File hosting service Dropbox has announced an expansion into the Australian market, with a Sydney-based office to service a handful of Australian clients expected to open imminently.

Dropbox to open Sydney office

Dropbox enterprise strategy vice president Ross Piper revealed the company was currently scouring the city for appropriate real estate in which to host a "handful" of local and predominantly customer-facing staff.

The company counts financial services group Macquarie, enterprise software developer Atlassian and property group Mirvac among its local business customers.

Macquarie uses the company's 'Dropbox for business' service to host its marketing material, while Mirvac's retail team uses the same to distribute budgets, brochures, plans and fact sheets.

The company claims that four million business use the product worldwide.

Piper said Dropbox had no immediate plans to open a local data centre to host data within the Australian jurisdiction.

Dropbox stores user metadata in its own US data centres, and partners with Amazon Web Services to store files on Amazon's S3 service. 

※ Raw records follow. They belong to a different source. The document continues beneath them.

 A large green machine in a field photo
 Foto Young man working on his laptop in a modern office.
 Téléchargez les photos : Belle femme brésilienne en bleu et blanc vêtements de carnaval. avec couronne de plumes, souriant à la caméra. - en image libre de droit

The announcement is the latest in the company’s push into the enterprise market, following the recent unveiling of its ‘Project Harmony’ Microsoft Office collaboration and editing tool.

Users of Microsoft Excel, PowerPoint and Word products will be able to edit and sync documents at the same time as other editors when Project Harmony arrives later this year. The feature also allows  in-document instant messaging between authors, akin to Google Docs.

The tool will be compatible for users on different operating systems and versions of Office and Dropbox. It will initially only work across the three Office products but has been developed to work with any software application.

Dropbox claims that its business-grade service gives individual users the ability to separate personal files from corporate data. IT admins are able to to view and monitor the activity of all users on the account, and are able to delete files from a user’s device if it was stolen or lost.

In the US, the company has faced criticism over the appointment of former US secretary of state Condoleezza Rice to its board. Rice has previously served on the board of HP.

A user group has been set up to convince fellow users to “drop Dropbox” in the wake of Rice’s appointment, outlining four objections to the decision. Chief among them is Rice's public comments in support of warrantless wiretapping by security agencies.